--- SUPPLIED MATERIAL Enclosed Below ---

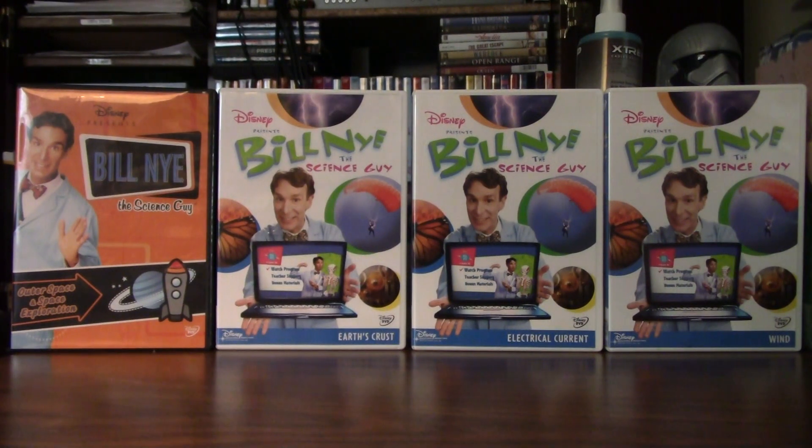Hello, and welcome to another episode of Walt Disney's Legacy Collection. Today's episode is about Bill Nye the Science Guy, but this time we're on the DVDs.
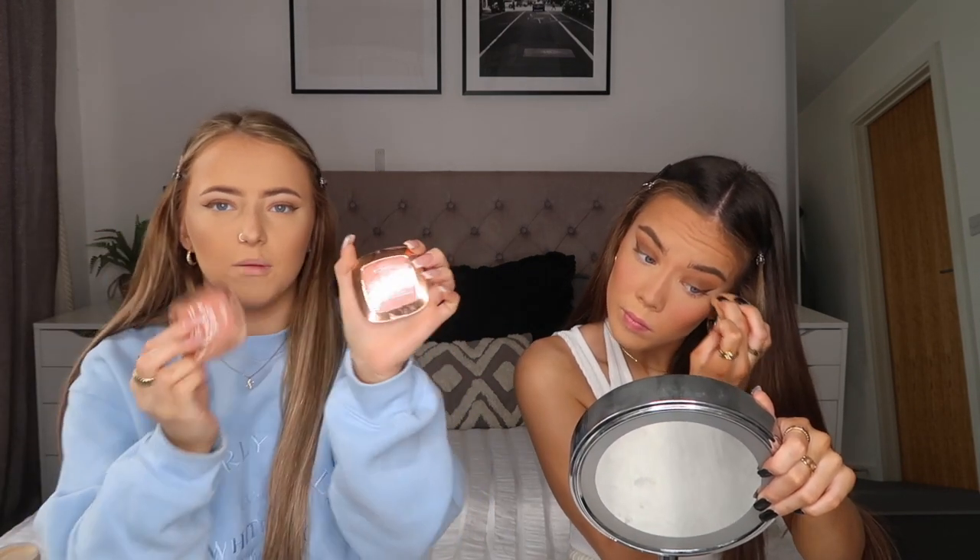They've changed their packaging so I got really confused, but it's the L'Oreal Life's a Peach blusher - it says 'Blush of Paradise' now on the front. This is actually my favorite blusher if you want a more peachy blush. It's not very expensive either - it's so cheap.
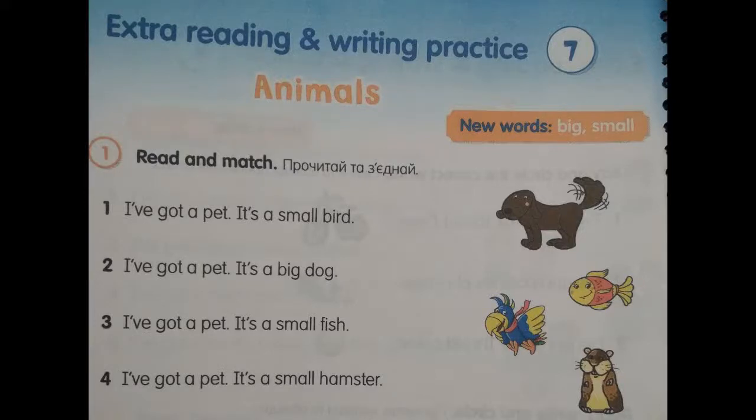Extra reading and writing practice 7. Animals. Exercise number 1, page 98. Read and match.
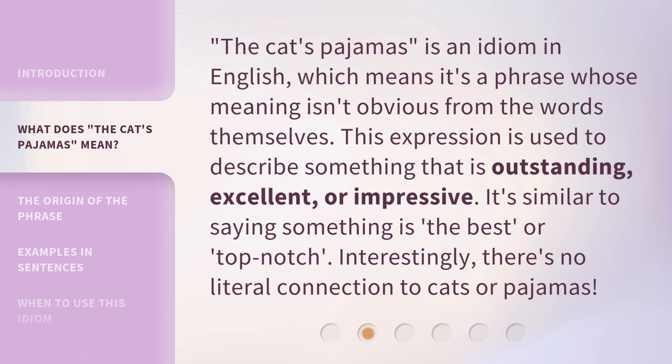The Cat's Pajamas is an idiom in English, which means it's a phrase whose meaning isn't obvious from the words themselves. This expression is used to describe something that is outstanding, excellent, or impressive. It's similar to saying something is the best or top-notch. Interestingly, there's no literal connection to cats or pajamas.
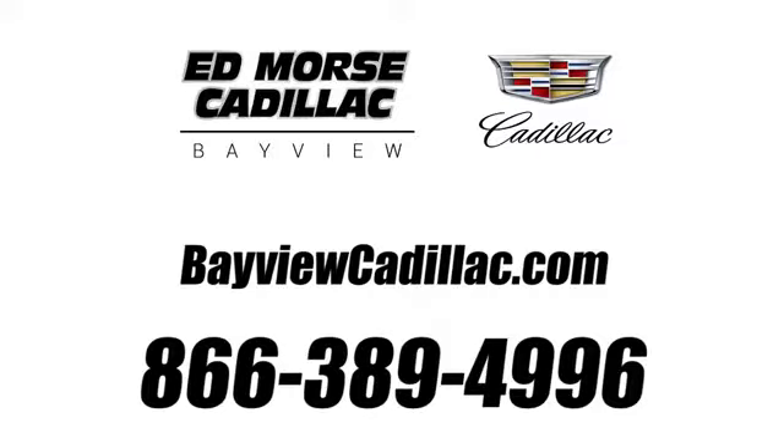Call us today at 1-866-389-4996. For value and for service, it's Ed Morse.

--- End of Enclosed SUPPLIED MATERIAL ---

#### TASK STATEMENT
Give the entries again exactly. Pictures stay out.

#### ANSWER TO THE EXERCISE
Hello, and welcome to another episode of Walt Disney's Legacy Collection. Today's episode is about Bill Nye the Science Guy, but this time we're on the DVDs.
They've changed their packaging so I got really confused, but it's the L'Oreal Life's a Peach blusher - it says 'Blush of Paradise' now on the front. This is actually my favorite blusher if you want a more peachy blush. It's not very expensive either - it's so cheap.
Extra reading and writing practice 7. Animals. Exercise number 1, page 98. Read and match.
The Cat's Pajamas is an idiom in English, which means it's a phrase whose meaning isn't obvious from the words themselves. This expression is used to describe something that is outstanding, excellent, or impressive. It's similar to saying something is the best or top-notch. Interestingly, there's no literal connection to cats or pajamas.
Call us today at 1-866-389-4996. For value and for service, it's Ed Morse.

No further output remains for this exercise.